The mood was euphoric among SPD delegates at a special conference in Berlin as the party made the transition from former party chairman Sigmar Gabriel to Martin Schulz official. Schulz was elected unanimously, receiving all of the valid ballots for chancellor candidate and party chairman.
"I think this result is the first step toward retaking the chancellor's office," a grateful Schulz said after the announcement.
The selection of the former European Parliament president marks the first time an SPD chancellor candidate has ever been nominated with 100 percent of the vote.
In a speech before his election, Schulz emphasised the issues of social equality that have energised the grassroots and seen the SPD draw level in opinion polls with Chancellor Angela Merkel's conservative CDU-CSU.
"The SPD are back," Schulz said.
"And that's good news for the people of Germany and Europe. If we don't ensure that things are socially equitable, then no one will," he added.
Schulz and other speakers repeatedly mentioned the trade unions, a traditional base of Social Democratic support. But Schulz, who served as president of the European Parliament until just two months ago, vigorously defended his party's support for the European Union.
"Those who want to do away with this bloc will find in me an energetic opponent.
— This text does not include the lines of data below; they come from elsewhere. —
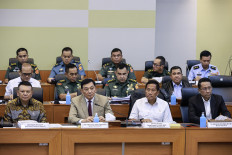Defense Minister Sjafri Sjamsoeddin (second left) sits with Law Minister Supratman Andi Agtar (right), Deputy Defense Minister Donny Ermawan Taufanto (second right) and First Deputy State Secretary Bambang Eko Suharyanto (left) on March 11, 2025, during a working meeting with House of Representatives Commission I overseeing military affairs at the Senayan legislative complex in Jakarta. During the meeting, the government representatives discuss about the revision of the 2004 Indonesian Military (TNI) Law.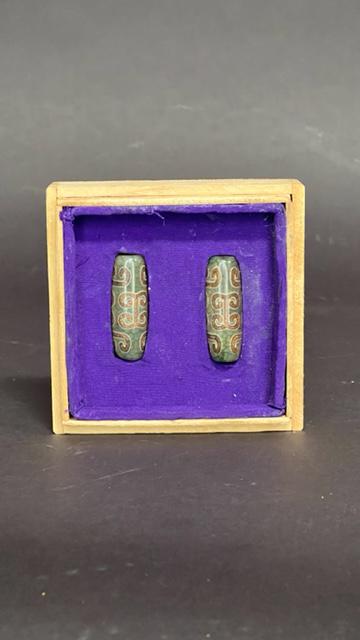 A PAIR OF ANTIQUE CHINESE JADE CEREMONIAL AMULETS (1 of 3)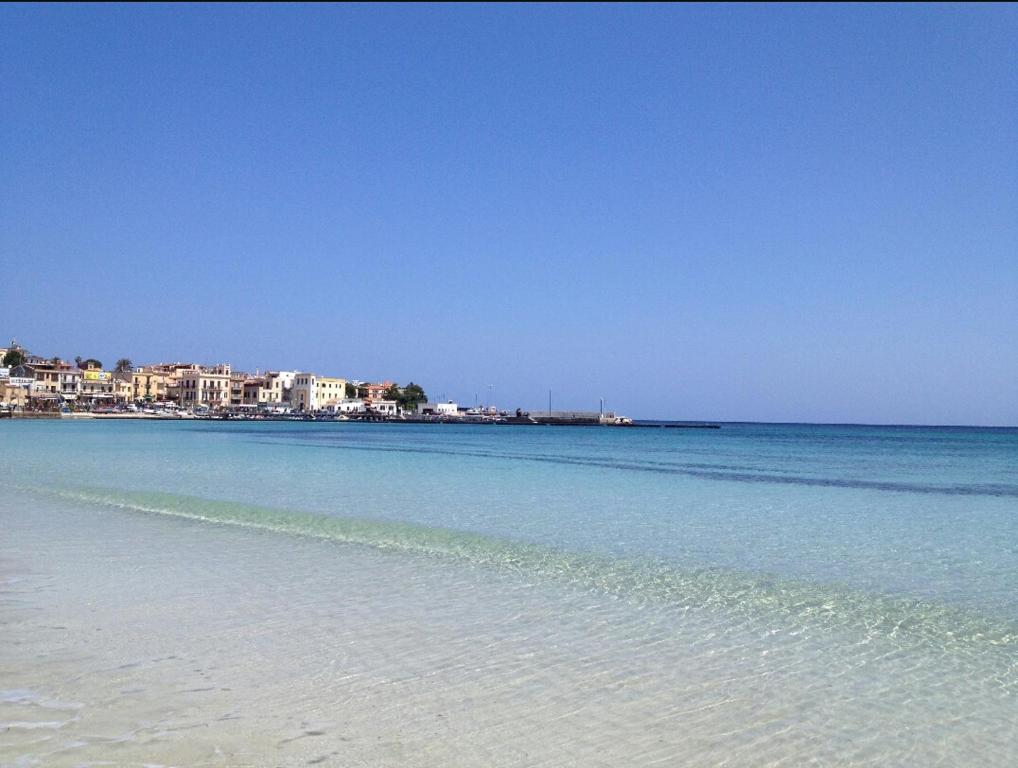 パレルモにあるVilla Pinellaの青い海と建物を背景にしたビーチ
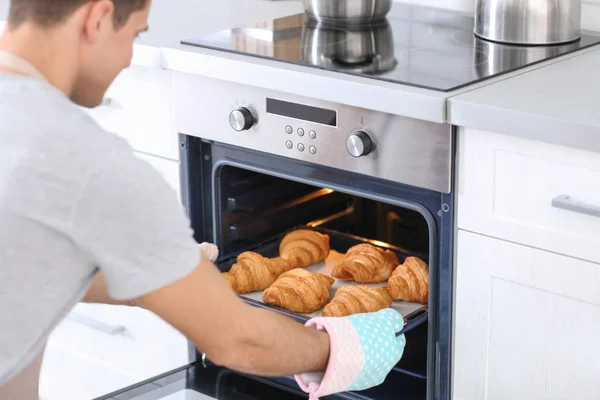 Uomo che prende la teglia con deliziosi croissant dal forno elettrico in cucina — Foto Stock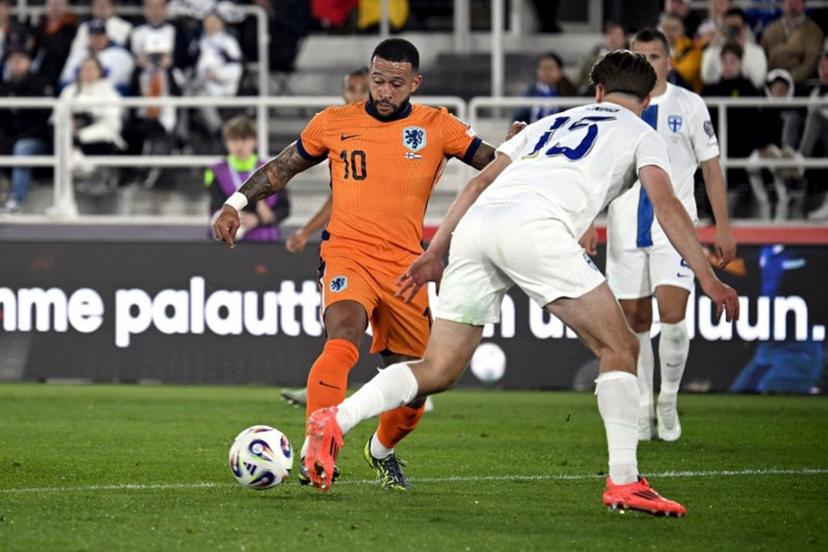 Netherlands' forward #10 Memphis Depay (L) attempts to get past Finland's defender #15 Miro Tenho during the 2026 FIFA World Cup Qualifying Group G football match between Finland and the Netherlands in Helsinki on June 7, 2025.  Markku Ulander / LEHTIKUVA / AFP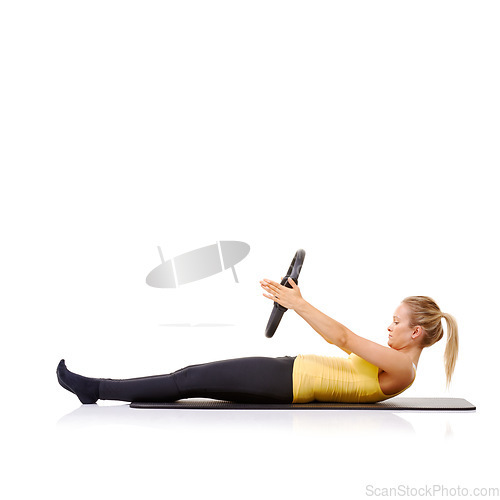 Image of Woman, pilates ring and arms for exercise training on yoga mat for resistance healthy, strength or studio white background. Female person, equipment for muscle flexibility, core balance or mockup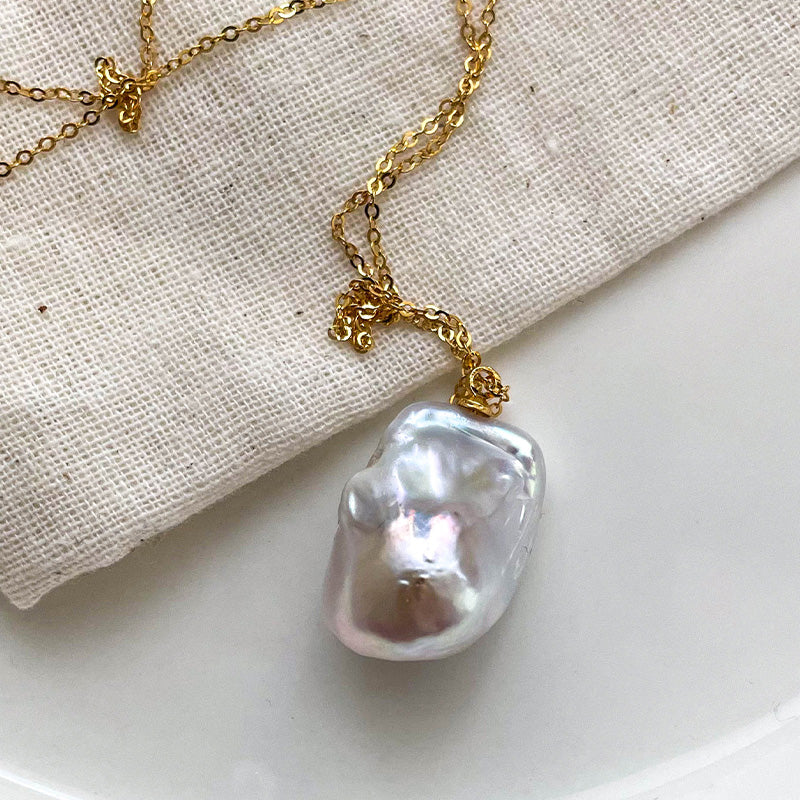 White baroque pearl pendant necklace with 14K gold chain resting on linen fabric.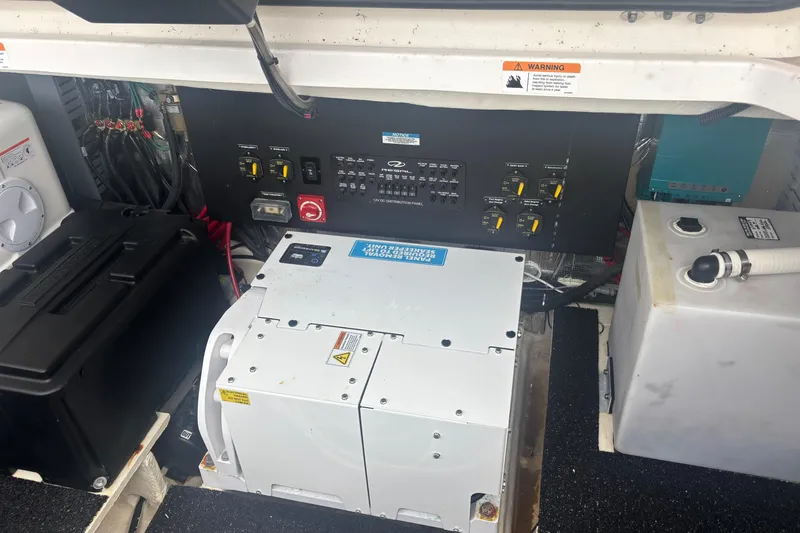 Slide: The Image of Electrical panel and components inside a 2024 Regal 36 XO boat. - 32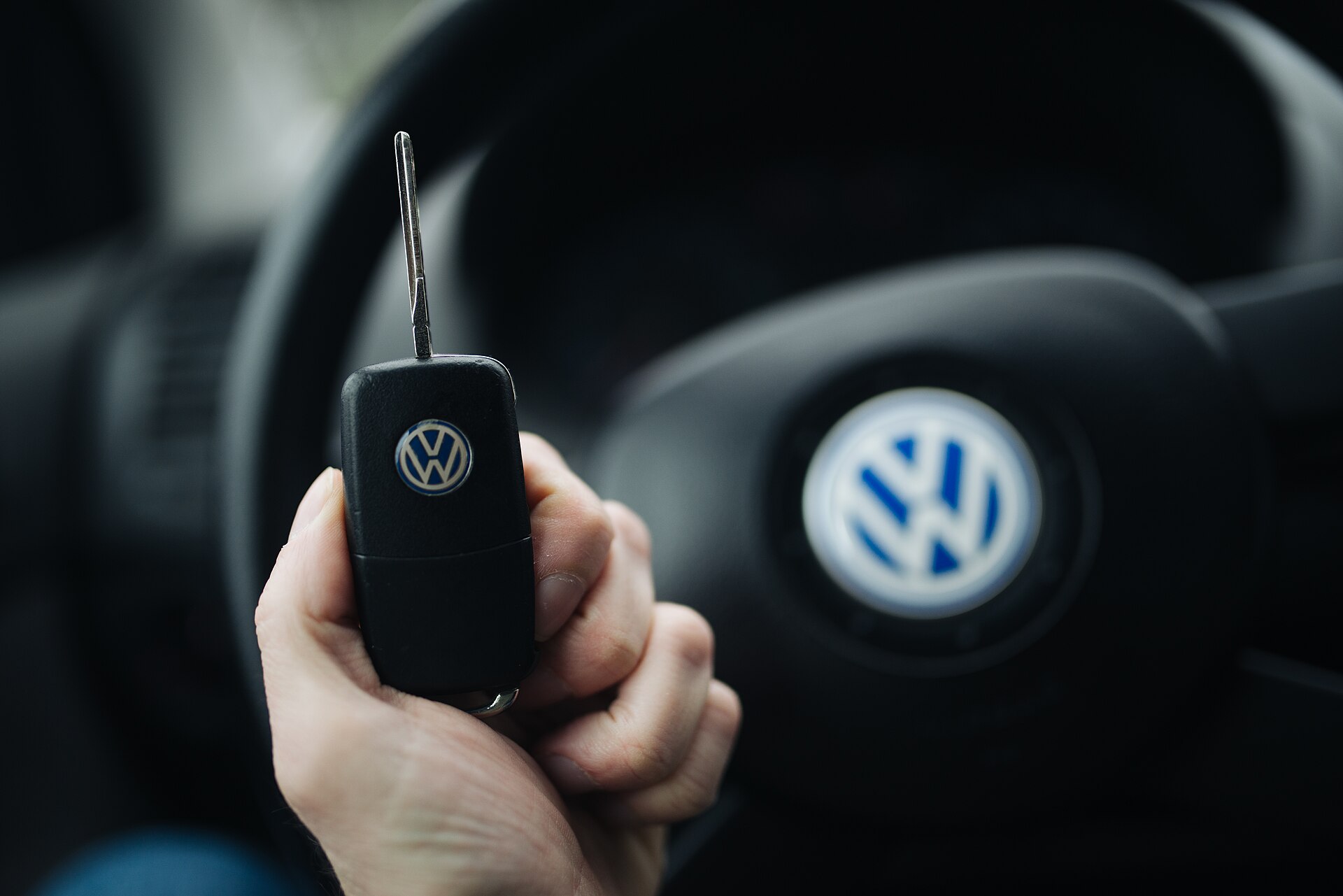 A hand holding car keys, steering wheel in the background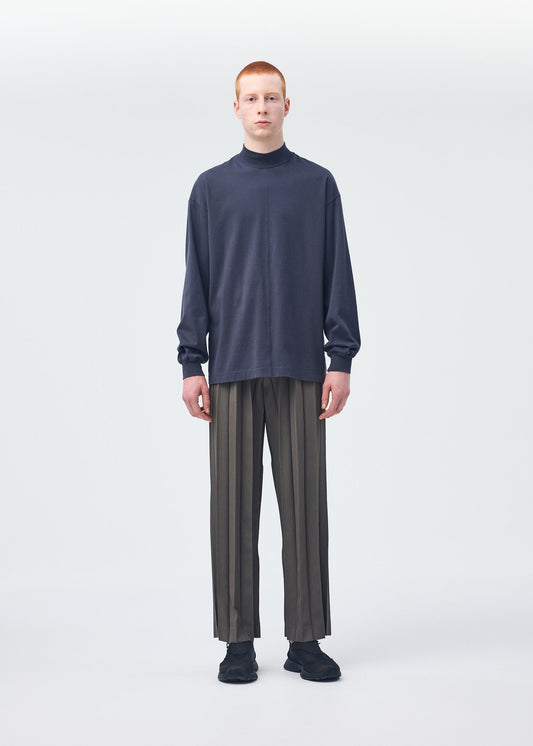 A model wears the HOMME PLISSÉ ISSEY MIYAKE Black Turtleneck Top top.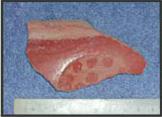 Figure 36l. Impressed medallion on Cuchillo incised.
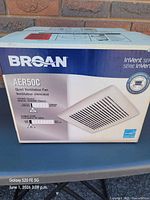 Front of boxed Broan AER50C exhaust fan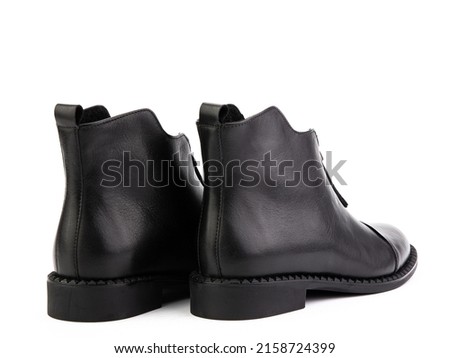 Women's autumn black leather jodhpur boots isolated on white background. Back side view. Fashion shoes. Photoshoot for shoe shop concept.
Anyone who thinks you can separate national interests from Europe is wasting away the future of Germany," Schulz said.
Schulz also took potshots at U.S. President Donald Trump, saying that an election like that in the United States featuring "fake news” and the "denigration of whole groups of the population" had "no place in Germany."
"A German chancellor can take a clear negative position" toward the US, Schulz added later in his speech, after praising former SPD chancellor Gerhard Schröder's refusal to back the U.S.-led war in Iraq in 2003.
Schulz has been credited with revitalising the election by giving voters a mainstream option to Merkel and with taking support away from the right-wing populist Alternative for Germany (AfD).
Still, the SPD will decide upon an official platform for September's national election at a full party convention in June.